A public swimming pool in Devon, England, is killing two birds with one stone, defraying the costs of heating the pool while serving as a cooling station for some of the most high-tech computer equipment. 

“UK company Deep Green has had a clever idea in which it proposes using data centres to heat water,” reported Hypertext.

“The company offers up hot water heated by its gear for free. The catch is that you need to host Deep Green’s gear. It covers the cost of electricity for its so-called digital boilers up front and property owners end up paying nothing. This solution can reportedly reduce energy bills by 70 percent.”

One outlet explained how it works. “Dubbed the ‘digital boiler’, the technology has been successfully installed at Exmouth Leisure Centre in Devon and is set to be rolled out at sites in Bristol and Manchester in the coming weeks.

The Exmouth project has seen Deep Green install 12 servers at the site that can undertake a range of cloud services. The servers are deployed with the company’s ‘immersion cooling’ technology, which sees the computing kit submerged in biodegradable mineral oil that captures around 96 percent of the heat generated by the servers. The warmed oil is then fed into a heat exchanger, which heats the water in the pool, curbing the use of the centre’s gas boiler.

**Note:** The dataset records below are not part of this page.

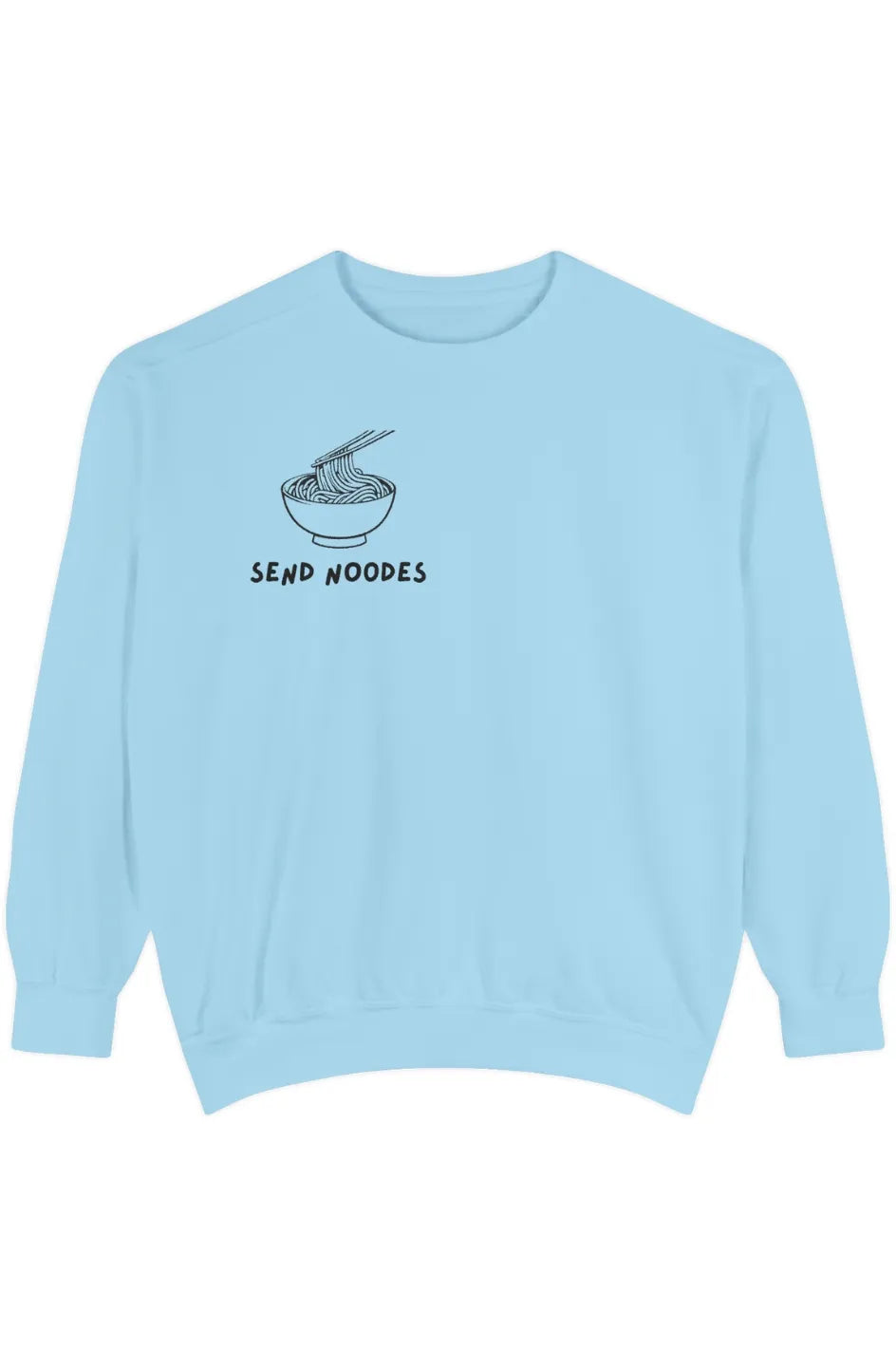 Men's Medium Heavy Sweatshirt "Send Noodes"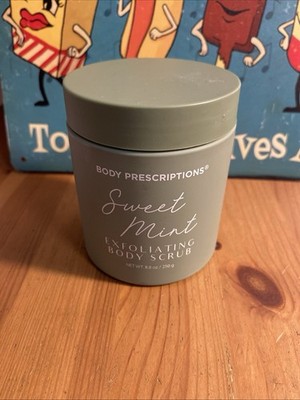 Body Prescriptions Sweet!  Mint Exfoliating Body Scrub 8.8 Oz
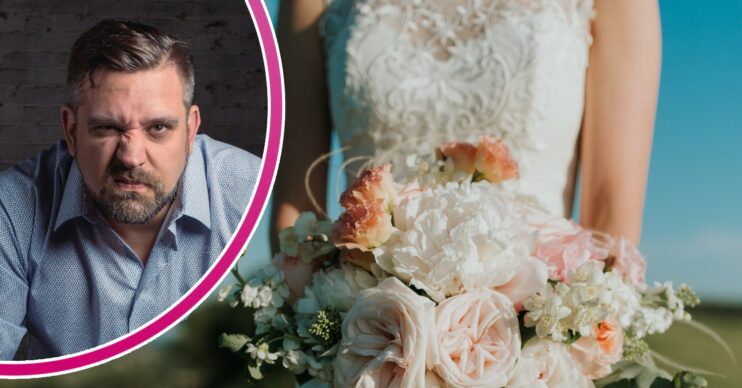 Man cross / bride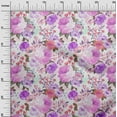 thumbnail image 3 of oneOone Polyester Spandex Purple Fabric Floral Fabric For Sewing Printed Craft Fabric By The Yard 56 Inch Wide, 3 of 4
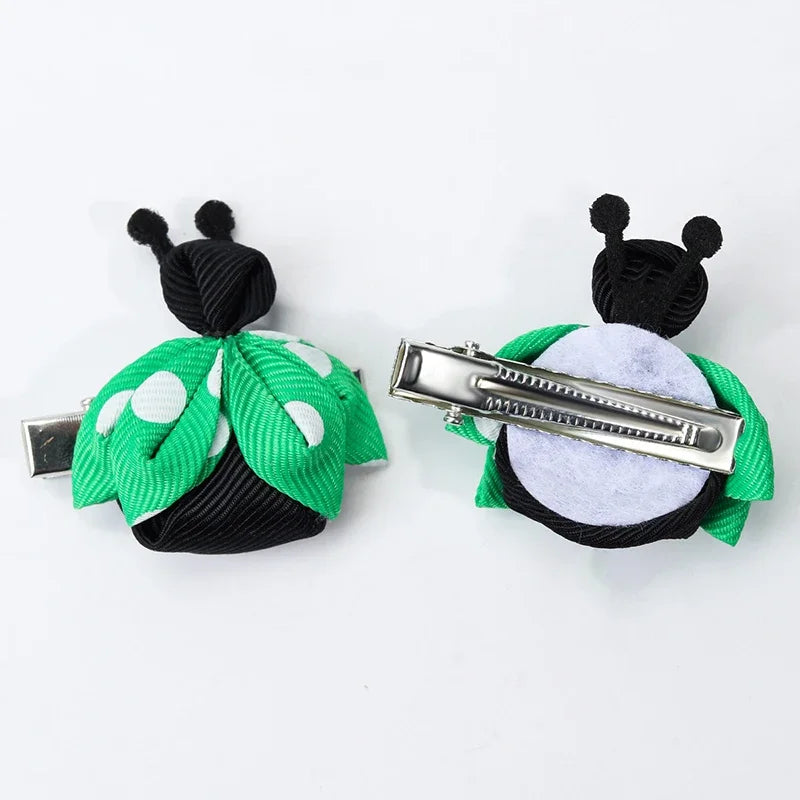 Adorn with Adorableness: Ladybug Hair Clips Set! - The Little Big Store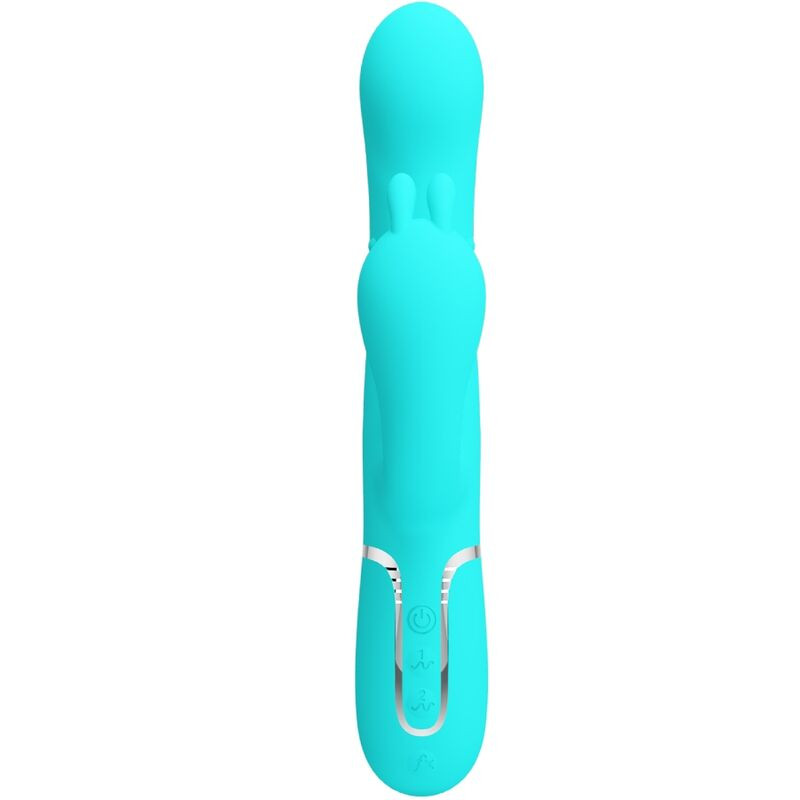 PRETTY LOVE CAMMY TRIPLE VIBRADOR RABBIT MULTIFUNCION 4 EN 1 AZUL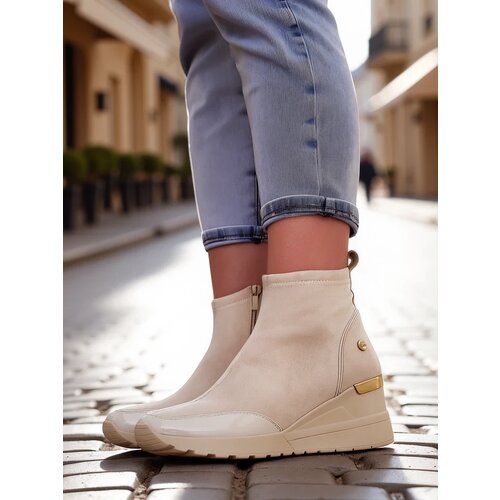 Resti Women's ankle boots on a wedge Zarricos Cene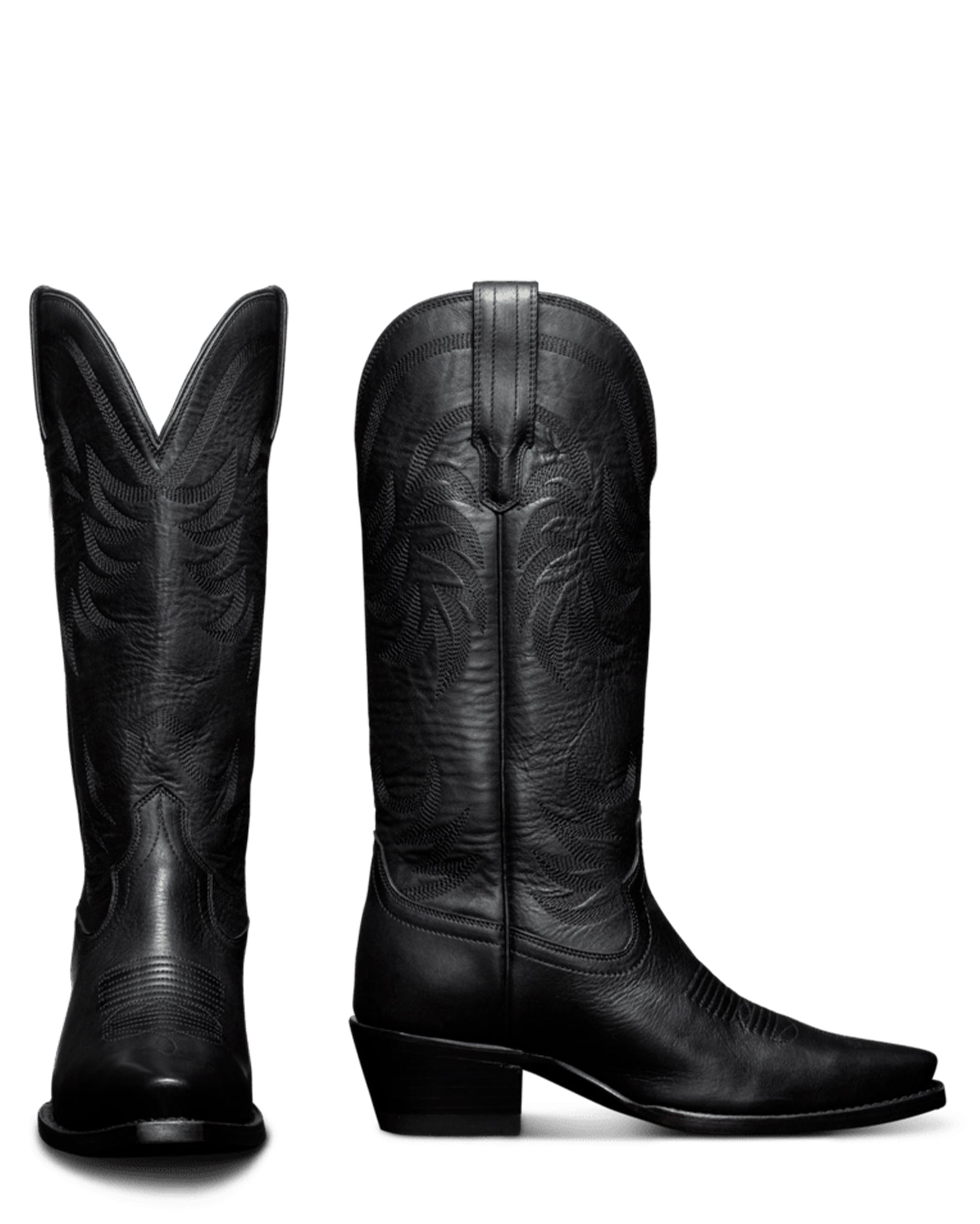 Tecovas Women's The Annie Western Boots with Snip Toe in Black at Skip's Western Outfitters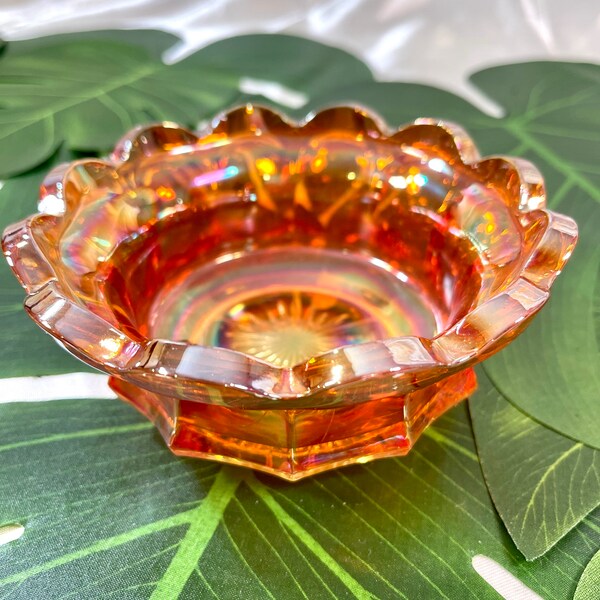 Round Glass Bowl Etsy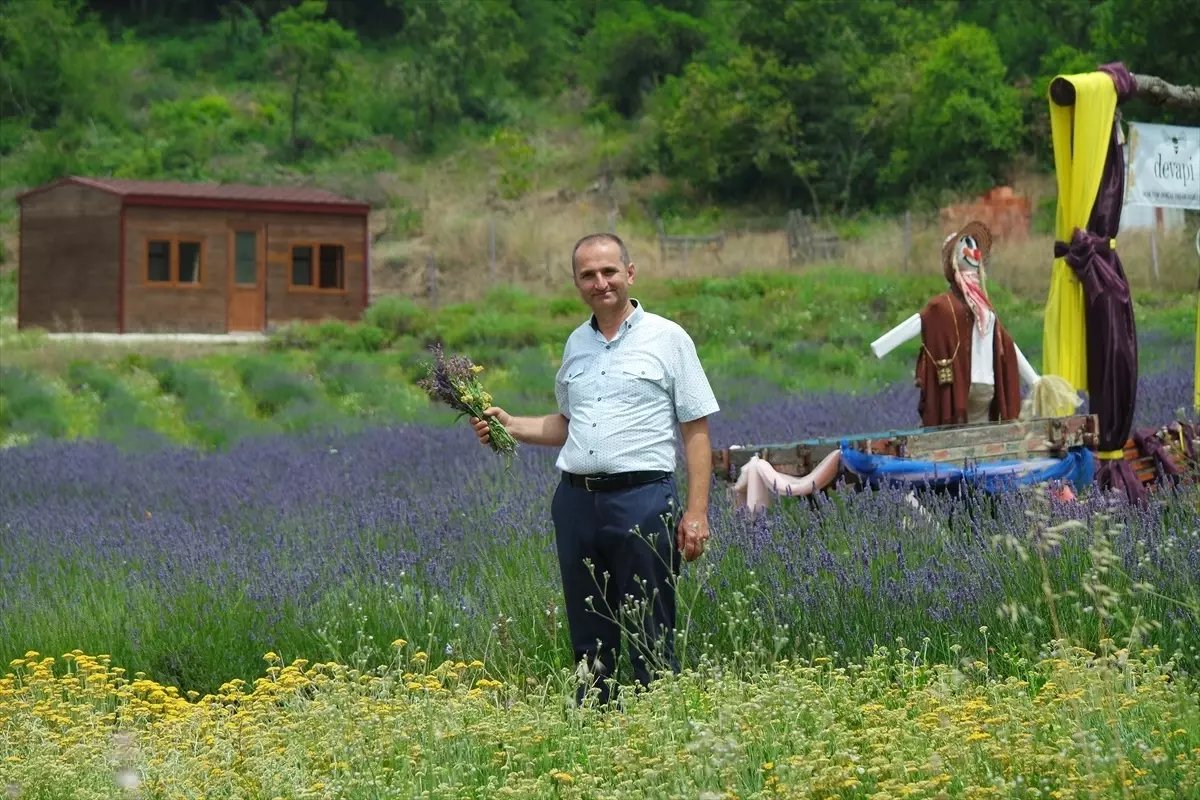 Bursa\'da Ürololji Uzmanı Dr. Dursun Ünal\'ın kurduğu tıbbi aromatik bahçe misafirlerini ağırlıyor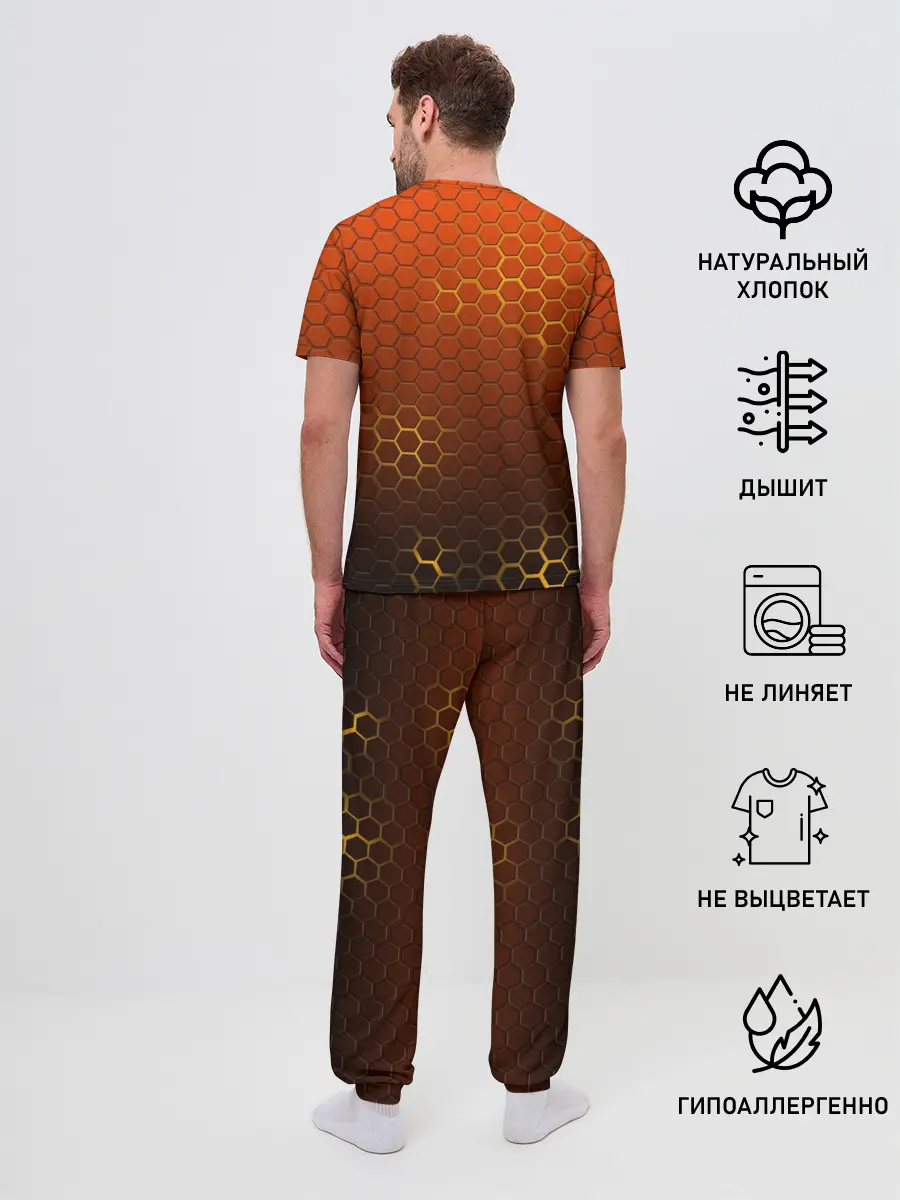 Мужская пижама с брюками / СТАЛЬНАЯ БРОНЯ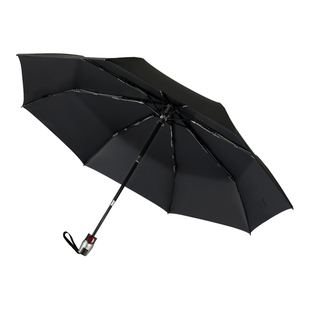knirps德国全自动防爆三折伞黑胶涂层太阳伞防紫外线遮阳伞T220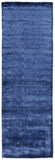 8' Blue Chevron Hand Woven Runner Rug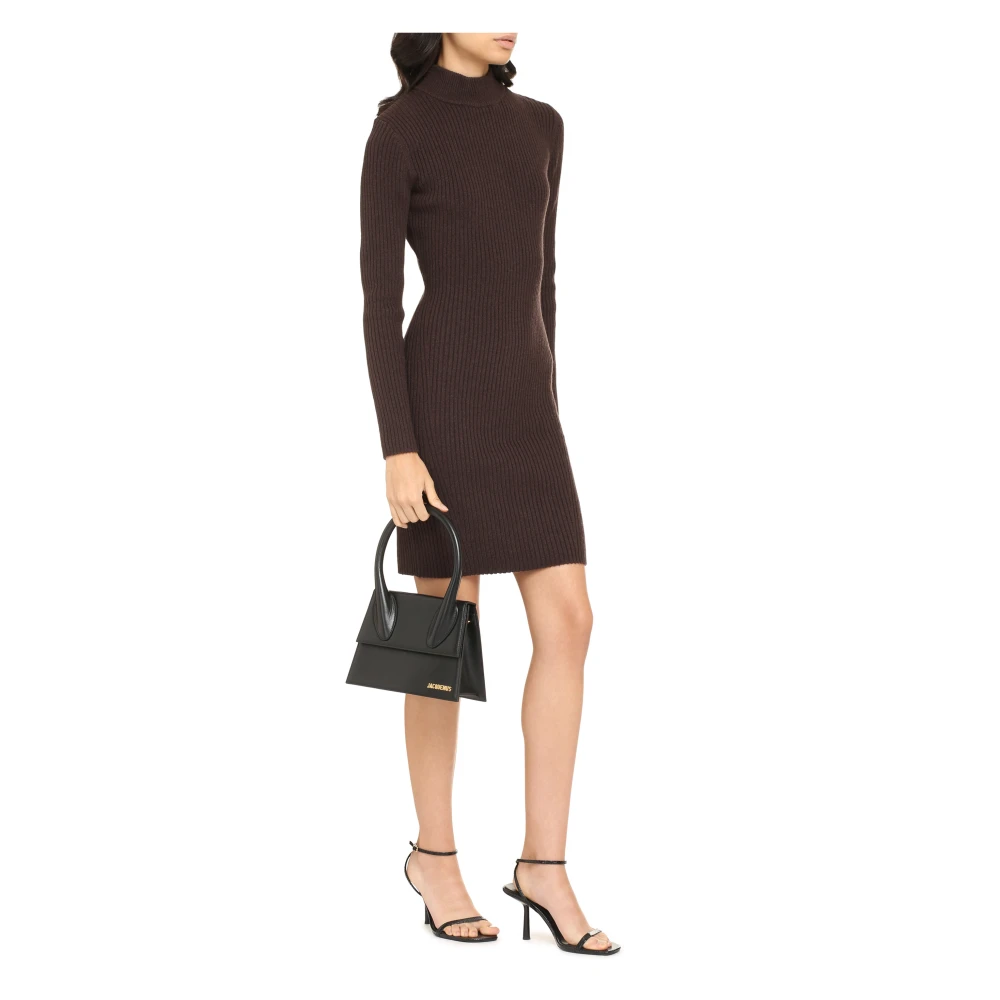 Michael Kors Geribde wollen jurk Brown Dames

The surplus heat donated to the leisure centre by Deep Green’s unit is expected to reduce the pool’s gas requirements by 62 per cent, saving the leisure centre over £20,000 a year and slashing carbon emissions by 25.8 tonnes.”

Sean Day, who runs the leisure center, told the BBC that he expected energy bills for the pool to rise by £100,000 over the course of the year.

“The partnership has really helped us reduce the costs of what has been astronomical over the last 12 months – our energy prices and gas prices have gone through the roof,” he said. “Looking at different ways of how we can save money as an organisation has been awesome.”

The “digital boiler” could be a lifesaver for pools in the UK. 

Last summer, BBC News revealed 65 swimming pools had closed since 2019, with rising energy costs cited as a significant reason.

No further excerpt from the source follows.